Richard Petty and Jeff Gordon recall the 1992 Hooters 500 in Atlanta -- the final and first race, respectively, in two legendary careers.

While Richard Petty was making the final start of his NASCAR Cup Series career at Atlanta Motor Speedway, Jeff Gordon was making his first on November 15, 1992.

But Gordon knew his debut paled in comparison to the magnitude of the seven-time champion’s impending retirement after the season finale, which also featured a six-driver battle royale for a championship that was won by the late Alan Kulwicki.

“I certainly recognized the significance for me to be part of it because of what I was seeing,” Gordon told NBC Sports’ Kyle Petty during a sitdown interview with Richard Petty to mark the race’s upcoming 30-year anniversary (watch the video above or at the Motorsports on NBC YouTube channel). “Everything was about Richard’s final race, watching him walk through the garage area. Everywhere he went he was just mobbed by cameras, media and fans.”
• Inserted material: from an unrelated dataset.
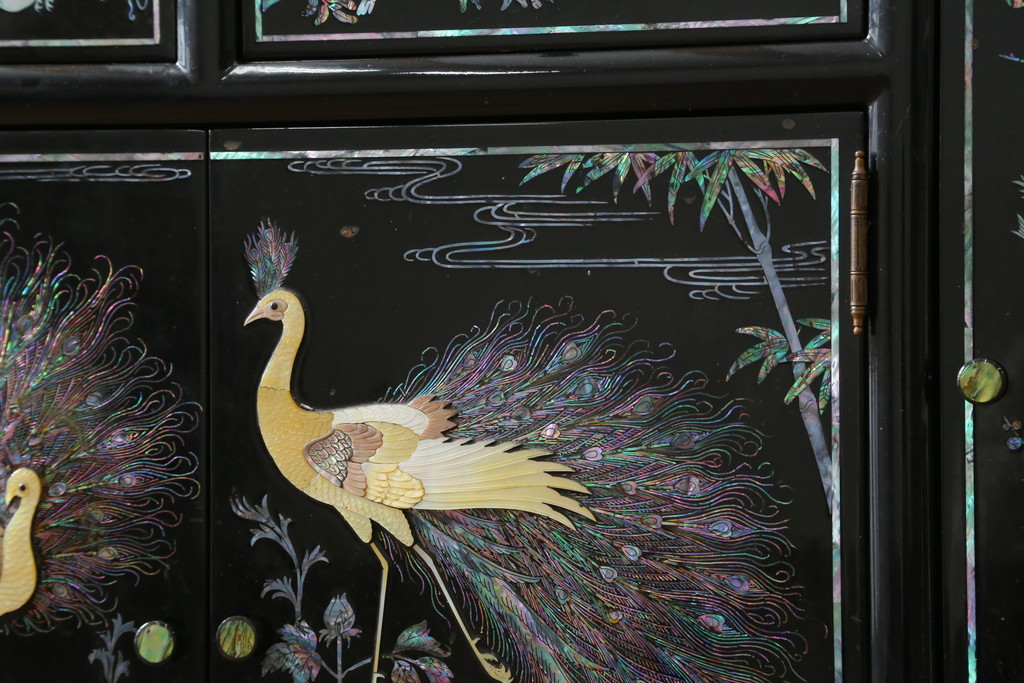中古　美品!!　高級品　韓国民芸家具　孔雀　鳳凰(ホウオウ)　花鳥図　蝶図　煌びやかで美しい螺鈿(ラデン)細工が見事なガラス天板のサイドボード(収納棚、戸棚、リビングボード、サイドキャビネット)(定価約150万円)(R-081234)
But it turns out, Gordon had caught the eye of “The King” as well.

“What I remember about him, seen some kid walking around over there, had a little uniform on, had a little mustache,” Richard Petty recalled with a laugh. “He was 21 years old and was trying to look like he was 30. And he really looked like he was about 16. I remember him just because of that little mustache he had, the first time I ever met him.”

‘THE KING’ AT 85: Another milestone for Richard Petty

“The King” turned to Gordon with a genuine curiosity that had been lingering for three decades.

“Why did you do that?” Petty playfully asked about the mustache.

Hooters 500

HAMPTON, GA — NOVEMBER 15. 1992: Jeff Gordon driver of the #24 DuPont Chevrolet gets ready for his first NASCAR Cup race in he Hooters 500 at the Atlanta Motor Speedway on November 15, 1992 in Hampton, Georgia. (Photo by ISC Images & Archives via Getty Images)

ISC Archives/CQ-Roll Call Group

With a laugh, Gordon replied that it helped with gaining access to sprint car garage areas as an underaged teenage competitor before he went to NASCAR.

“I could grow a mustache early on, obviously not a very good one, and I thought that would make me look old enough to belong in the garage area of those races, and I kept it,” Gordon said. “You should have come over to me and said, ‘Hey, I don’t know what kind of career you’re going to have, but I can help you with your look!’ ”

During the sitdown, which was conducted this week at Hendrick Motorsports, Gordon and Petty recalled their memories of an Atlanta race weekend that now is remembered as a watershed in NASCAR history. It was the last title battle involving Kulwicki and Davey Allison, both of whom died after aviation-related accidents over the next eight months.

In their first interview together about the 1992 season finale, here are highlights of some memories from Gordon and Petty (the video feature of their on-camera sitdown can be seen in the embed at the top of this page above or at the Motorsports on NBC YouTube channel and a shorter version also also will run during Sunday’s Atlanta prerace show at 2 p.m ET on USA Network):

As a legend neared the end of a farewell season without a top 10 and an upstart prepared for a high-profile rookie season, Petty and Gordon entered the race with different emotions but a similar goal: Don’t wreck. (Unfortunately, neither was successful.)

Petty: “(There was) some relief this was my last race. The big deal for me and the crew (was) run the whole race. Finish the cotton-picking race. Because this is your last race. That last year, I probably didn’t race with anybody. I was not competitive at all. I know it was my last race and was trying to be careful. Emotionally the whole family was there. All our friends come, and everybody showed up to say bye. It was a big deal, and it wasn’t. I’m not an emotional person. It’s just another day in Richard Petty’s life.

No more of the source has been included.